--- EXERCISE INPUTS Enclosed Below ---

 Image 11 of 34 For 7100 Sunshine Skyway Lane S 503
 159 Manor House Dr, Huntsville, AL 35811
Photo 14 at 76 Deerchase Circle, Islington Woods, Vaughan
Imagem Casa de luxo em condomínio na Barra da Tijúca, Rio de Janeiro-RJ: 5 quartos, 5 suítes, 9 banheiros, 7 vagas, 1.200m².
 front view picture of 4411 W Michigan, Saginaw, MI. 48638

--- End of Enclosed EXERCISE INPUTS ---
--- EXERCISE INPUTS Enclosed Below ---

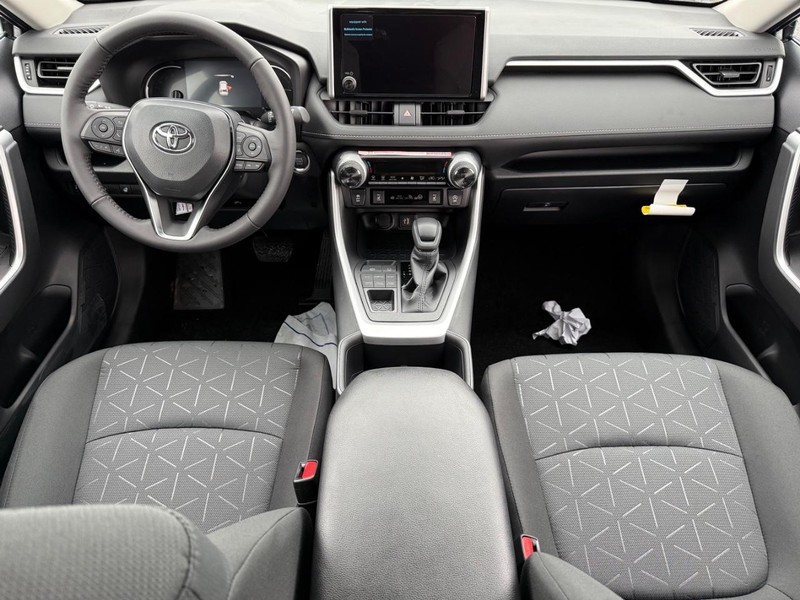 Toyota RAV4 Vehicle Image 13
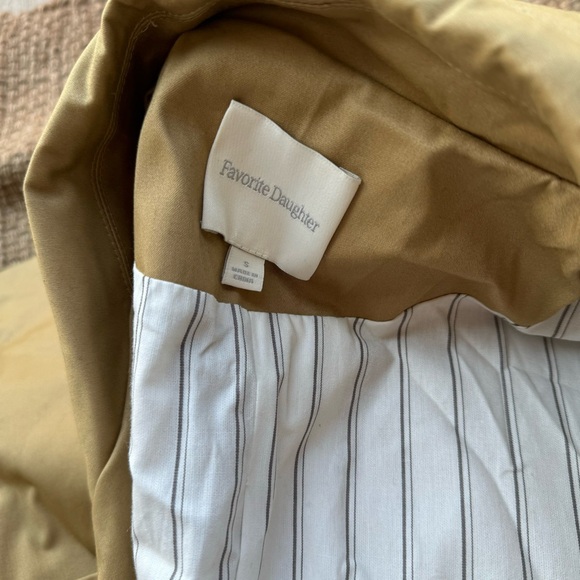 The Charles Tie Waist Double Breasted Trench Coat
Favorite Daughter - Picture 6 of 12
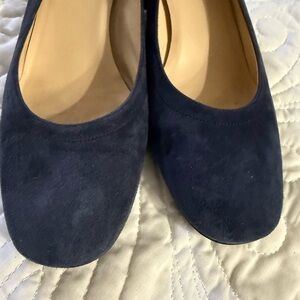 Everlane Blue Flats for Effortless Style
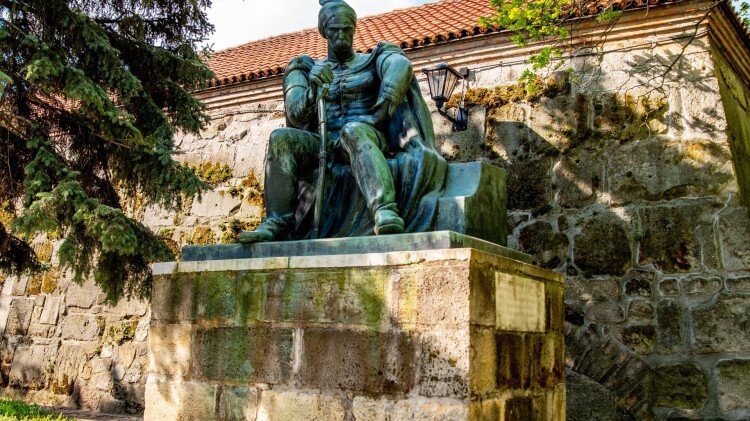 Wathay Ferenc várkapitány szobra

--- End of Enclosed EXERCISE INPUTS ---

## INSTRUCTIONS FOR THE TASK
All lines in the listing above between the line with "Image 11 of" and the line with "front view picture", inclusive, should be set down exactly, and no line outside that range.

## OUTPUT OF THE EXERCISE
 Image 11 of 34 For 7100 Sunshine Skyway Lane S 503
 159 Manor House Dr, Huntsville, AL 35811
Photo 14 at 76 Deerchase Circle, Islington Woods, Vaughan
Imagem Casa de luxo em condomínio na Barra da Tijúca, Rio de Janeiro-RJ: 5 quartos, 5 suítes, 9 banheiros, 7 vagas, 1.200m².
 front view picture of 4411 W Michigan, Saginaw, MI. 48638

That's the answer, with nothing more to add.